This page provides installation instruction and usage examples for the R package ADPclust. Please see XiaoFeng Wang and Yifan Xu [2015] for details of the procedure.
##Introduction: APDclust
ADPclust stands for Fast clustering using adaptive density peak detection. It is a non-iterative procedure that finds the number of clusters and cluster assignments of large amount of high dimensional data by identifying cluster centroids from estimated densities. The procedure is built upon the work by Rodriguez [2014]. ADPclust automatically identifies cluster centroids from a projected two dimensional decision plot that separates cluster centroids from the rest of the points. This decision plot is generated by calculating the following two values, \(f(\mathbf{x}), \delta(\mathbf{x}))\) for each data point.

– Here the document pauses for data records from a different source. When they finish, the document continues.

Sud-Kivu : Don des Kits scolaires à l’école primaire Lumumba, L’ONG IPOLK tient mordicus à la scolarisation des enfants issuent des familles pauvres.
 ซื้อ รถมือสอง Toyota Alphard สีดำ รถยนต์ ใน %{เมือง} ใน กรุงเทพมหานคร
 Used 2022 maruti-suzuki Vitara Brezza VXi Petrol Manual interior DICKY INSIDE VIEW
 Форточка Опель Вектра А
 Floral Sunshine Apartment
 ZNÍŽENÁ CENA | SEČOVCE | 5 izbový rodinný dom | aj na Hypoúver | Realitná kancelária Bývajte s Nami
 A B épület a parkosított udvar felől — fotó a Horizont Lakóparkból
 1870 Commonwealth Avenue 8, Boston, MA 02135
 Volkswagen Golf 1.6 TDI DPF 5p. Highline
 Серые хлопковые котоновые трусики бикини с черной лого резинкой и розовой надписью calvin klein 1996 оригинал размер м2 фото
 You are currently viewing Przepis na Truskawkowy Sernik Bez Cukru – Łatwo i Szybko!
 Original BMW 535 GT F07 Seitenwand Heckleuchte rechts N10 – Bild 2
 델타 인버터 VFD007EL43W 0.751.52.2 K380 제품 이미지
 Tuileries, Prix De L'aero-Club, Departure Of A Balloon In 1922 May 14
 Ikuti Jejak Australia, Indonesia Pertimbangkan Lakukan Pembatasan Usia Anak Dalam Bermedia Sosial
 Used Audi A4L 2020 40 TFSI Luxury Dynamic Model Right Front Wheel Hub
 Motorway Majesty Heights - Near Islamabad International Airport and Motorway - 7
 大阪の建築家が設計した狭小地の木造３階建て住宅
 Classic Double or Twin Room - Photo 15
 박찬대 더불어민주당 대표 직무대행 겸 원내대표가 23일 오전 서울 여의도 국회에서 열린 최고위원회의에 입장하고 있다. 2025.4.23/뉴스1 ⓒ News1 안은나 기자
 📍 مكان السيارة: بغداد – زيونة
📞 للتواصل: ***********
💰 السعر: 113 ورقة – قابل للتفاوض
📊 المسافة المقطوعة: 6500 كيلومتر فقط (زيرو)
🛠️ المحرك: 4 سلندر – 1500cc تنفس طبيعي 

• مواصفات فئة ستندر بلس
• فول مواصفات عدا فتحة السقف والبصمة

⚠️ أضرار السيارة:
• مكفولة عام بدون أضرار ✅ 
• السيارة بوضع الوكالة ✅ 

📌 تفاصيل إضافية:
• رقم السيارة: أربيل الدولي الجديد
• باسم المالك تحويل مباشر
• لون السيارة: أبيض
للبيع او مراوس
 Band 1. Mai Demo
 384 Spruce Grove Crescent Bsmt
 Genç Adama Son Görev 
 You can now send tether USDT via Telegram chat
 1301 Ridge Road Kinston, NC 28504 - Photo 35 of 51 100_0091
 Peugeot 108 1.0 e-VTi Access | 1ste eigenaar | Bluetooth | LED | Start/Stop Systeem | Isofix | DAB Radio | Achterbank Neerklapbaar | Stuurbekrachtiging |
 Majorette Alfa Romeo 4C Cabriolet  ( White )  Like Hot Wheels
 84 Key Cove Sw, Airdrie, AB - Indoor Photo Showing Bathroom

For a data set \(\{\mathbf{x}_1, \ldots, \mathbf{x}_n\}\) where each \(\mathbf{x}_i\) is a d dimensional vector, ADPclust first estimate the local multivariate Gaussian density \(f(\mathbf{x}_i), i=1,\ldots,n\) by
\[\hat{f}(\mathbf{x}_i; h_1,…h_d) = n^{-1} \left(\prod_{l=1}^d h_l \right)^{-1} \cdot \sum_{j=1}^n K\left(\frac{x_{i1} - x_{j1}}{h_1}, …, \frac{x_{id} - x_{jd}}{h_d}\right). \] where \(h_1,…,h_d\) are bandwidths at each dimension. Two default values for \(h\) are provided in APDclust: 1) rule-of-thumb (ROT) bandwidth by Scott[2002]; 2) asymptotic mean integrated squared error (AMISE) bandwidth by Wand[1994]. Other bandwidths can also be specified if the default does not give satisfactory results.
Given density estimation \(\hat{f}(\mathbf{x}_i), i = 1,…,n\), the “isolation” indices \(\delta(\mathbf{x}_i)’s\) are found by:
\[\hat{\delta}(\mathbf{x}_i) = \min_{j:\hat{f}(\mathbf{x}_i) < \hat{f}(\mathbf{x}_j)}{d(\mathbf{x}_i,\mathbf{x}_j)}.\]
where \(d(\mathbf{x}_i,\mathbf{x}_j)\) is the distance measure between \(\mathbf{x}_i\) and \(\mathbf{x}_j\).
The scatter plot of \((\hat{f}(\mathbf{x}_i), \hat{\delta}(\mathbf{x}_i)), i = 1,…,n\) is called a decision plot, from which \(k\) centroids are selected automatically or manually from the upper-right corner, and all other points are clustered according to their distances to the closest centroid.
The average silhouette score is calculated after clusters are assigned, and is used to chose the best number of clusters among a sequence of testing \(k\)'s.
##Installation Run the following line to install the package.
install.packages("ADPclust_0.6.3.tar.gz", repos = NULL, source = TRUE)
Run the following line to load the package:
library(ADPclust)
##Example 1: Automatic centroids selection in ADPclust
####Default settings
The automatic centroids selection in ADPclust finds the best bandwidth h
and number of clusters k
from a grid of combinations of testing (h,k)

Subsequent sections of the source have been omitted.